A coalition of 17 attorneys general led by Massachusetts Attorney General Andrea Joy Campbell sent a letter urging Congressional leaders to safeguard the investments that the Inflation Reduction Act (IRA) has supported across the country. The AGs highlight the benefits of the IRA to states across the political spectrum in improving domestic energy security, decreasing energy costs, supporting manufacturing, modernizing infrastructure, creating well-paying jobs, and reducing pollution. The IRA has had a “catalytic impact,” according to a Rhodium Group report that details the significant private investment in clean technologies that have been encouraged by the IRA.
The AGs spotlight examples of communities experiencing these benefits. For example, a new battery factory near Atlanta, Georgia, will create 3,500 jobs, and a new battery manufacturing plant near Charleston, South Carolina, will create 1,500 jobs. In Pueblo, Colorado, the world’s largest manufacturing plant for wind turbine towers is expected to employ over 1,000 people by 2026. The city of Pueblo had previously only added 5,000 jobs since 2008. The AGs urged Congress to protect the incentives that are helping sustain projects in clean energy manufacturing and the accompanying energy security, reliability, and affordability.
The AGs also called for the protection of grant and loan programs under the IRA and the Bipartisan Infrastructure Law that are helping towns and cities across the nation boost their economies and repair critical infrastructure. For example, Alaska Native communities are using grants to build solar arrays and battery storage systems to be owned locally and put revenue back into the communities; these remote communities otherwise rely on standalone diesel generators for power. Communities in Mississippi and Georgia received funding to build community resilience hubs. Supported by microgrids, the hubs will provide emergency services, such as supplies, reliable drinking water, charging stations and refrigeration for medication. A solar-powered resilience center in Texas will serve as a cooling center during heat waves and power outages, and the project also includes planting over a thousand trees to provide shade for residents and reduce the heat island effect.

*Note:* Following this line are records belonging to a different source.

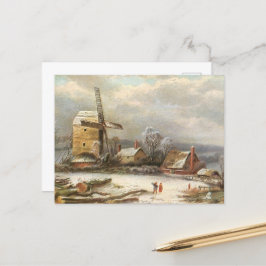 Winter Kvarn Helg Vykort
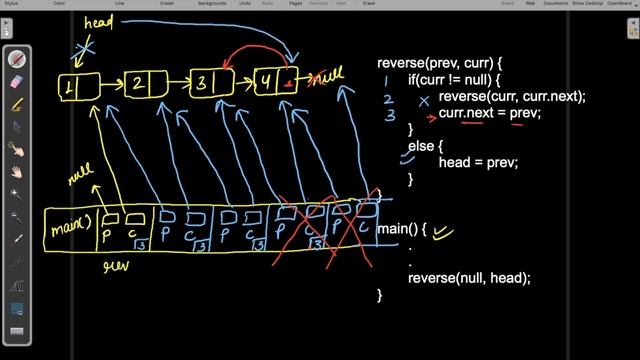 10. (Recursive) Reverse Linked List | DS & Algo | Interview Prep. | C++ | Java | Python | Medium смотреть онлайн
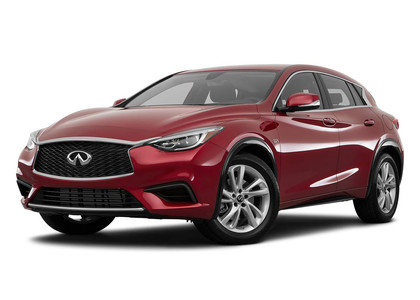 Ворсовые коврики на Infiniti QX30 2015 - 2019 в Барнауле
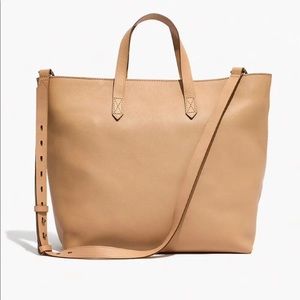 Madewell zip top carryall tote
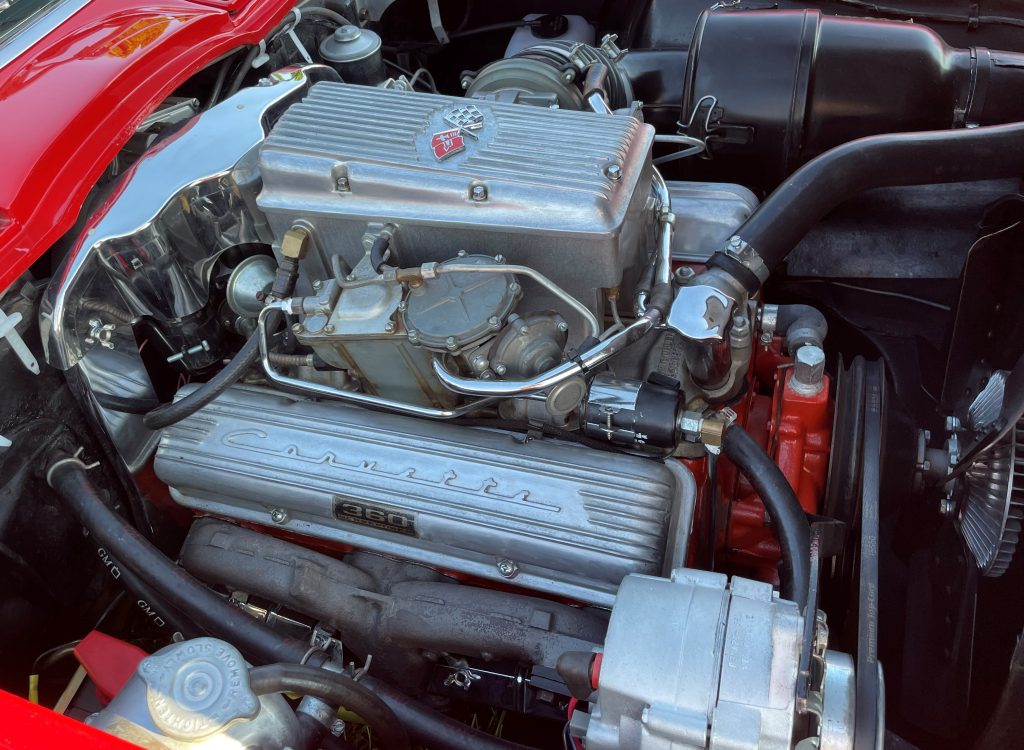 l84 fuel injected rochester 360 hp 327 sbc v8 in a 1963 corvette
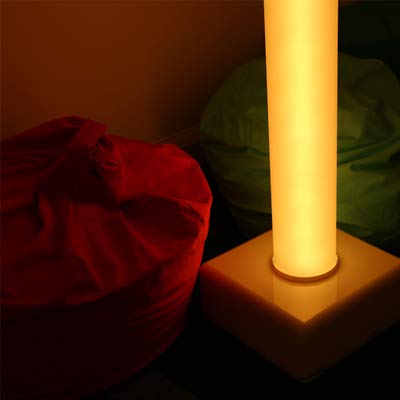 Sensory Room SEND Interactive Chroma Tube With Dice Controller 1750 x 150mm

The AGs emphasize that most of the IRA’s benefits are yet to be seen, as businesses, organizations and state and local governments await grant funds. Similarly, businesses are already spending money towards the IRA’s goals while awaiting the finalization of loans promised to them.
“The promise of the Inflation Reduction Act is extraordinary. It supports an equitable transition to a clean-energy economy while driving historic reinvestments in the jobs and infrastructure on which our communities depend,” said Massachusetts Attorney General Andrea Joy Campbell. “I am proud to lead this coalition to urge Congress to recognize the significance of this law to all of our communities.”

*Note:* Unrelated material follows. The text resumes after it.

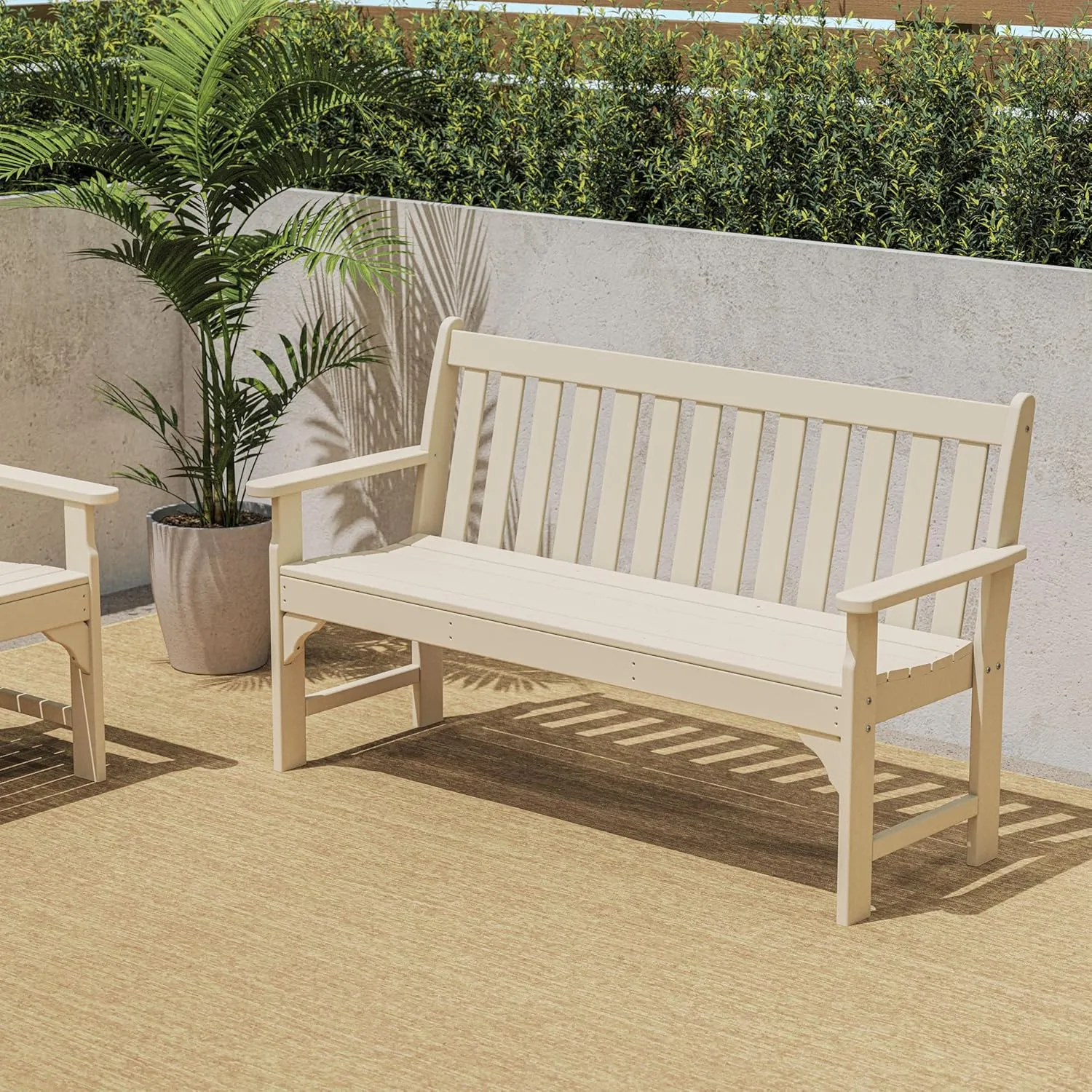 POLYWOOD Vineyard 60-Inch Bench, Sand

The attorneys general of California, Colorado, Connecticut, Delaware, Hawaii, Illinois, Maine, Maryland, Minnesota, New Jersey, New Mexico, New York, North Carolina, Rhode Island, Vermont, and Wisconsin joined AG Campbell in sending today’s letter.
News item from the State Energy & Environmental Impact Center
“The AGs highlight the benefits of the IRA to states across the political spectrum in improving domestic energy security, decreasing energy costs, supporting manufacturing, modernizing infrastructure, creating well-paying jobs, and reducing pollution. ”
“…decreasing energy costs…”I’m seeing an almost ‘complete’ disconnect with the reality of the IOU electric Utility practice of operating as a “regulated monopoly” with [assured] rate of returns typically from 8% to 12% on all infrastructure constructed. The unspoken in this instance is some substantial interest paid back to financiers, be it a public bond offering or loan from a financial center to fund the project. Principle and interest will be part of the PURPA rate case for bundled electricity increases for years to come. Some analysis done by utilities and regulating agencies have pundits of energy costs from 45% to 65% and (maybe) more over a 10 year IRP period. So, the electric bill of $300/month today will cost $435/month to $495/month for the ‘same’ energy use by 2035. Does this sound like a decreasing energy cost to you?
For instance the Government SBA loans to start up businesses has a loan default rate of something like 1 in 6 businesses fail about 17.5%. Take the IRA and the hundreds of ‘billions’ of dollars and subtract 17.5%, then at least attempt to determine how this considered default rate effects ancillary businesses that supply the failed businesses and one has a little more clarity on the what the IRA will [really] DO for the economies leaning heavily on them.